# diplomacy

**Repository Path**: mirrors_deepmind/diplomacy

## Basic Information

- **Project Name**: diplomacy
- **Description**: No description available
- **Primary Language**: Unknown
- **License**: Apache-2.0
- **Default Branch**: main
- **Homepage**: None
- **GVP Project**: No

## Statistics

- **Stars**: 0
- **Forks**: 0
- **Created**: 2021-12-14
- **Last Updated**: 2025-12-21

## Categories & Tags

**Categories**: Uncategorized

**Tags**: None

## README

# README

This directory contains code to let agents from [Learning to Play No Press
Diplomacy with Best Response Policy Iteration (Anthony et al
2020)](https://arxiv.org/abs/2006.04635) play Diplomacy.

The code provided here, paired with a Diplomacy environment and adjudicator, can
be used to evaluate our agents, and generate game trajectories.

A Diplomacy environment/adjudicator is required to play games, specifications
for this module can be found in the protocol in
`environment/diplomacy_state.py`.

This readme describes the observations and action space required, and tests to
confirm the environment and agent are working correctly.

## Implementation Details

### Action Space

In Diplomacy, each turn a player must choose actions for each of their units.

The unit-actions always have an order type (like move or support); always have a
source area (where the unit is now); usually have a target area (e.g. the
destination of a movement). Support move and convoy order types have a third
area, which is the location of the unit receiving support/being convoyed.

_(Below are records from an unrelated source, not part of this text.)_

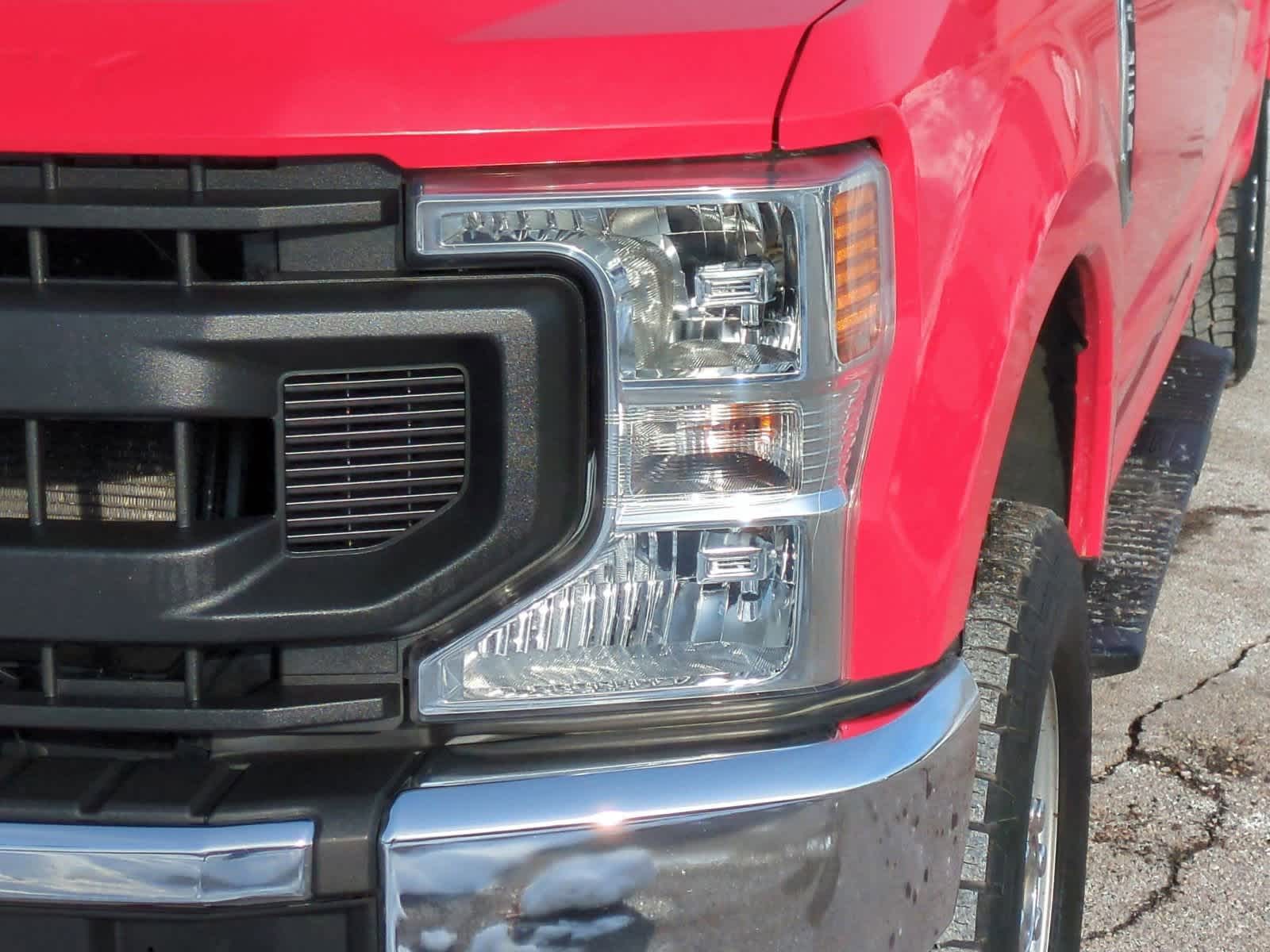 Thumbnail: 2020 Ford Econoline - 11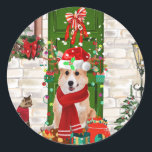 Adesivo corgi Dog Christmas<br><div class="desc">Corgi Dog sentado do lado de fora da casa decorada com coroa de Natal,  a árvore de Natal é uma ideia perfeita de presente de Natal para amantes de cachorros.</div>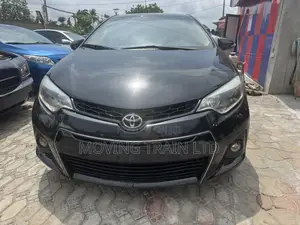 Toyota Corolla 2015 Black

The unit-actions are represented by a 64 bit integer. Bits 0-31 represent
ORDER|ORDERED AREA|TARGET AREA|THIRD AREA, (each of these takes up to 8 bits).
Bits 32-47 are always 0. Bits 48-63 are used to record the index of each action
into POSSIBLE_ACTIONS.

The different order codes are constants can be found in
`environment/action_utils.py`.

The 8-bit representation of the areas in the action are as follows:

*    The first 7 bits identify the province. The ids of each province are given
     by calling `province_order.province_name_to_id()`

*    The last bit is a coast flag to identify which coast of a bi-coastal
     province is being referred to. It is 1 for the South Coast area. For the
     main area, single-coastal provinces, or the North/East coast of a
     bi-coastal province, it is 0

(Note: elsewhere in the code areas are represented as a (province_id, coast_id)
tuple, where coast_id is 0 for the main area and 1 or 2 for the two coasts, or
as a single area_id from 0 to 80.)

Bits 0-31 make the meaning of an action easy to calculate. The file
`environment/actions_utils.py` includes several functions for parsing unit
actions. The file `environment/human_readable_actions.py` converts the integer
actions into a human readable format.

The indexing part of the action representation is used to convert between the
one-hot output of a neural network and the interpretable action representation.

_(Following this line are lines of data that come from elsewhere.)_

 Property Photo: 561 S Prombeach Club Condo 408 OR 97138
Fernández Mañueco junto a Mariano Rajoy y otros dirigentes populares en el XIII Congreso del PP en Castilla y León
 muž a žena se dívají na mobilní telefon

Not all syntactically-correct unit-actions are possible in Diplomacy, for
instance Army Paris Move to Berlin is never legal because Berlin is not adjacent
to Paris. The list of actions in `environment/action_list.py` contains all
actions that could ever be legal in a game of Diplomacy. This list allows the
full 64 bit action to be recovered from the action’s index.

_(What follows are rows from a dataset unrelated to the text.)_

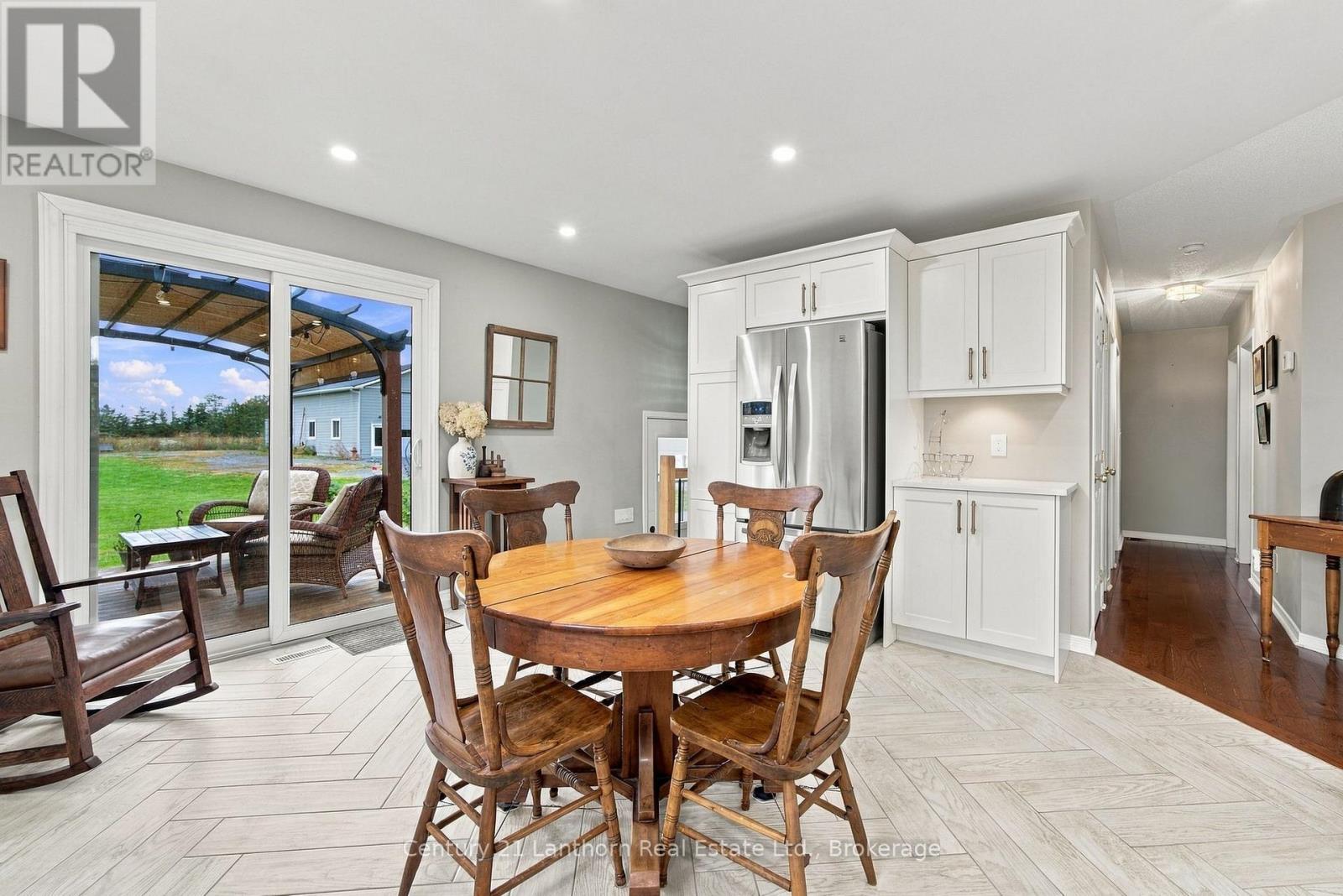 312 Badgley Road, Prince Edward County, ON photo 17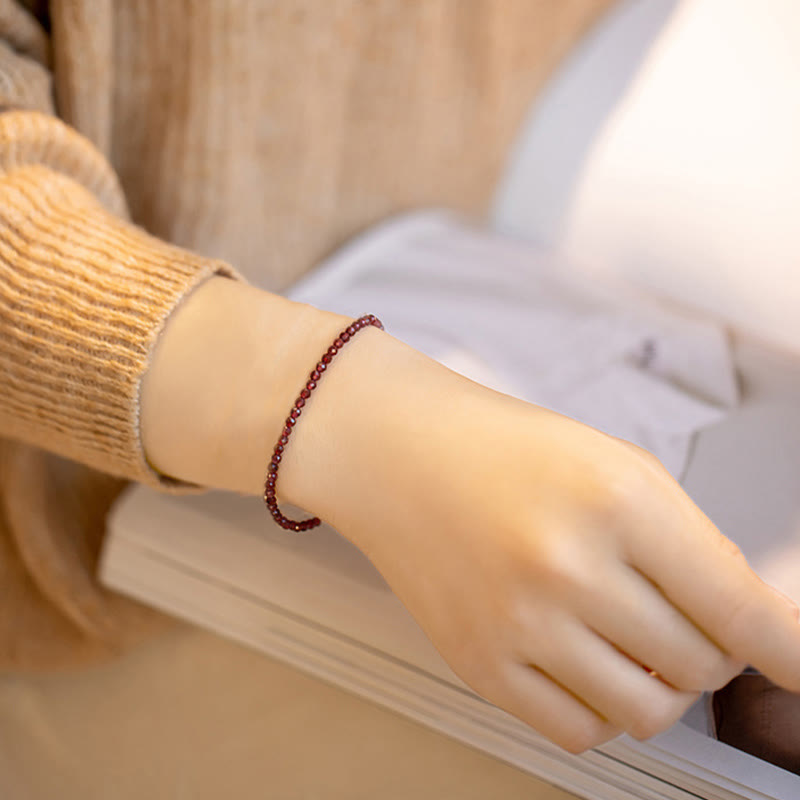 Bransoletka ochronna z Buddha Stones 3 mm Naturalny Mały Granat Ultracienkie Koraliki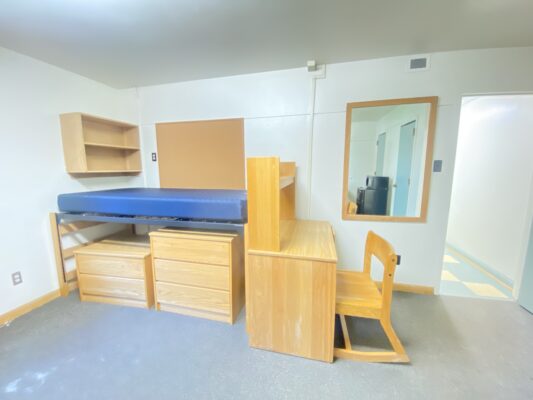 image of room in Ravine Hall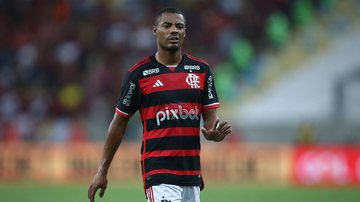De La Cruz fala sobre momento no Flamengo e nega comparação com Zico - Getty Images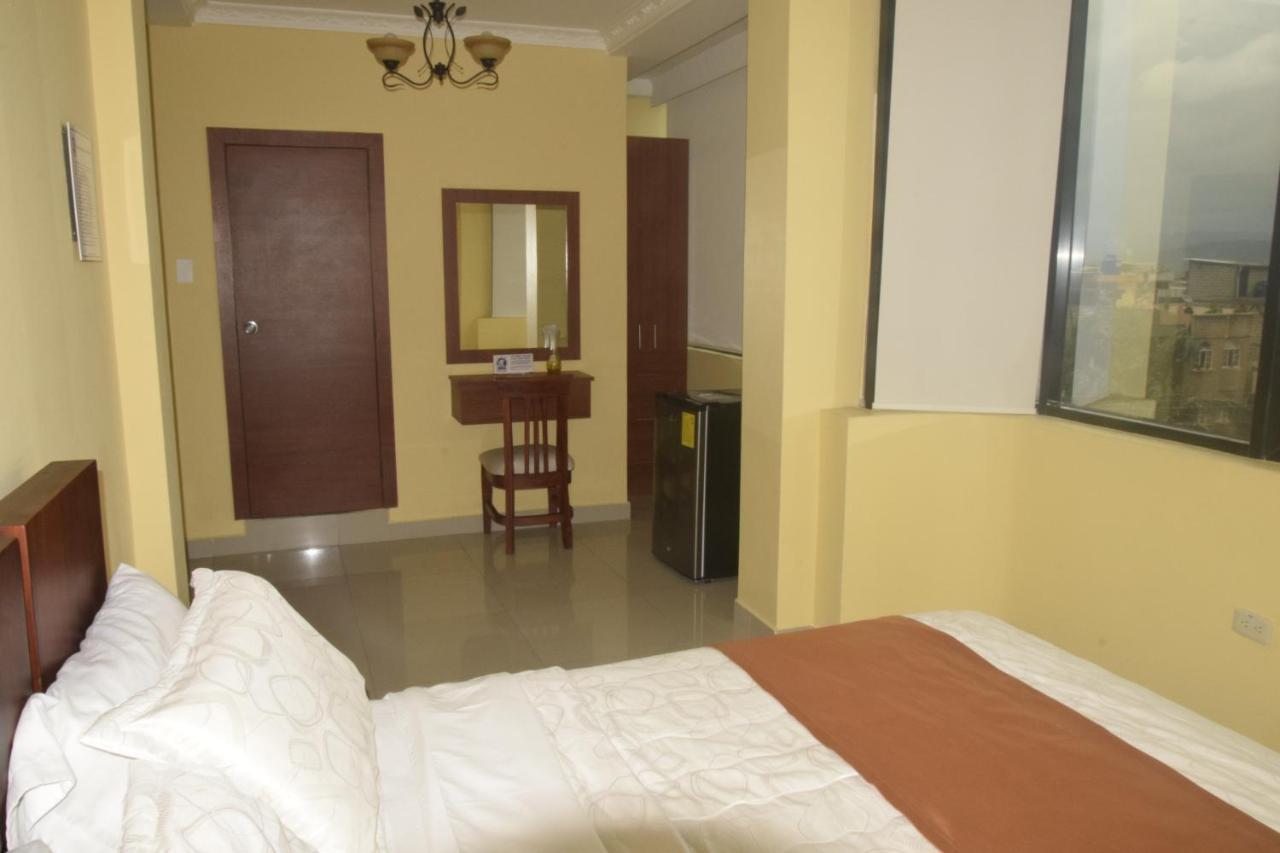 Olan'S Hotel Group Esmeraldas Luaran gambar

The file `environment/mila_actions.py` contains functions to convert between the
action format used by this codebase (hereafter DM actions) and the action format
used by Pacquette et al. (MILA actions)

These mappings are not one-to-one for a few reasons: - MILA actions do not
distinguish between disbanding a unit in a retreats phase and disbanding during
the builds phase, DM actions do. - MILA actions specify the unit type
(fleet/army) and coast it occupies when referring to units on the board. DM
actions specify these details only for build actions. In all other circumstances
the province uniquely specifies the unit given the context of the board state. -
Pacquette et al. disallowed long convoys, and some convoy orders that are always
irrelevant to the adjudicaiton.

For converting from MILA actions to DM actions, the function
`mila_action_to_action` gives a one-to-one conversion by taking the current
season (an `environment/observation_utils.Season`) as additional context.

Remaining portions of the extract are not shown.